The paper tackles the instability of Expected Sarsa(λ) with linear function approximation in off-policy learning by proposing a convergent Gradient Expected Sarsa(λ) algorithm, which achieves linear convergence to the optimal solution and is verified through experiments.
We study the convergence of $\mathtt{Expected~Sarsa}(λ)$ with linear function approximation. We show that applying the off-line estimate (multi-step bootstrapping) to $\mathtt{Expected~Sarsa}(λ)$ is unstable for off-policy learning. Furthermore, based on convex-concave saddle-point framework, we propose a convergent $\mathtt{Gradient~Expected~Sarsa}(λ)$ ($\mathtt{GES}(λ)$) algorithm.
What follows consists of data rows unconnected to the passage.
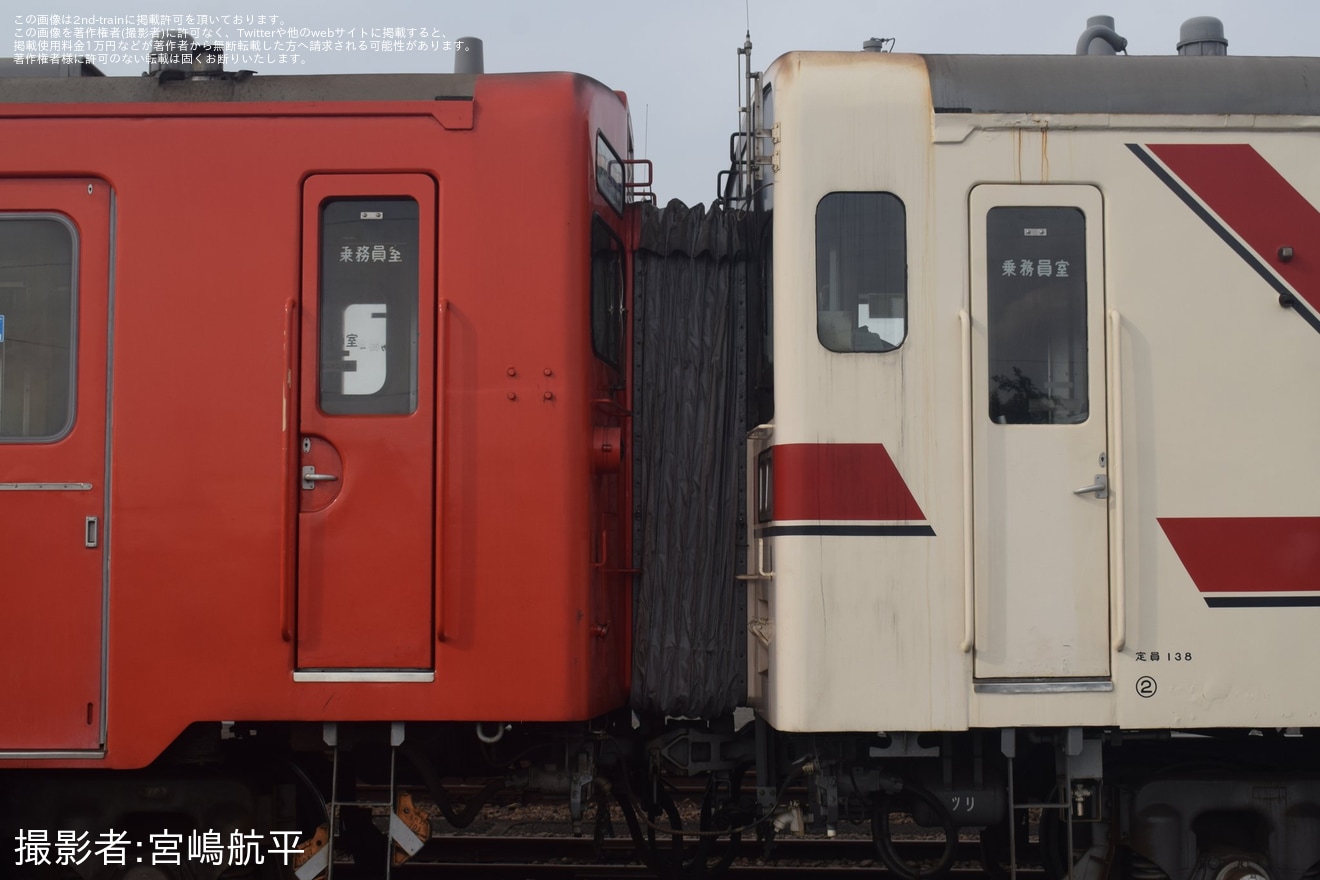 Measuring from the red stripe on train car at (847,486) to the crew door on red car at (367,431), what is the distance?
58.8 inches

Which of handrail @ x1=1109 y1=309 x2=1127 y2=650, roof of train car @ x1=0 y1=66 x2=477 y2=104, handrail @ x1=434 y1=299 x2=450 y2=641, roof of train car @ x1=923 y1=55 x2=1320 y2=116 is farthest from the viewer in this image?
roof of train car @ x1=0 y1=66 x2=477 y2=104

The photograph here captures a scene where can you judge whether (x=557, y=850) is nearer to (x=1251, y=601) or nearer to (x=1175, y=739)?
(x=1175, y=739)

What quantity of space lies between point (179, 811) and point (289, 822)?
0.47 m

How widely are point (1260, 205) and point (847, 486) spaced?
6.72 feet

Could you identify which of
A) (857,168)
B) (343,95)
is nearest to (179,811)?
(343,95)

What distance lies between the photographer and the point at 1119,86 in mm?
4566

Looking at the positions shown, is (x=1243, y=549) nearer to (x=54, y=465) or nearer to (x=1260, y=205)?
(x=1260, y=205)

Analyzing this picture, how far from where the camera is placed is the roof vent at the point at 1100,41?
5.29 meters

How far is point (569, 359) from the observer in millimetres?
4535

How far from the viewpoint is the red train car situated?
175 inches

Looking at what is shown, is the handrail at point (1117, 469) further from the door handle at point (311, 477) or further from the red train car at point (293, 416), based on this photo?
the door handle at point (311, 477)

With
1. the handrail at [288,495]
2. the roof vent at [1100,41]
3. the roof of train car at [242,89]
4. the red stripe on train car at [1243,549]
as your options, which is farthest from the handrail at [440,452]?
the roof vent at [1100,41]

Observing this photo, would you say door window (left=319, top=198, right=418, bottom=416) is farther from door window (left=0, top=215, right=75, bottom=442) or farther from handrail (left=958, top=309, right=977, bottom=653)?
handrail (left=958, top=309, right=977, bottom=653)

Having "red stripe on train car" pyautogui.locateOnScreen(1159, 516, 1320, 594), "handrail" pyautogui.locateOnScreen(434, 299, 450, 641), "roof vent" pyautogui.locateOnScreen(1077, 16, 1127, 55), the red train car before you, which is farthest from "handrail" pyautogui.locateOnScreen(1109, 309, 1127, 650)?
"handrail" pyautogui.locateOnScreen(434, 299, 450, 641)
The theoretical analysis shows that our $\mathtt{GES}(λ)$ converges to the optimal solution at a linear convergence rate, which is comparable to extensive existing state-of-the-art gradient temporal difference learning algorithms. Furthermore, we develop a Lyapunov function technique to investigate how the step-size influences finite-time performance of $\mathtt{GES}(λ)$, such technique of Lyapunov function can be potentially generalized to other GTD algorithms. Finally, we conduct experiments to verify the effectiveness of our $\mathtt{GES}(λ)$.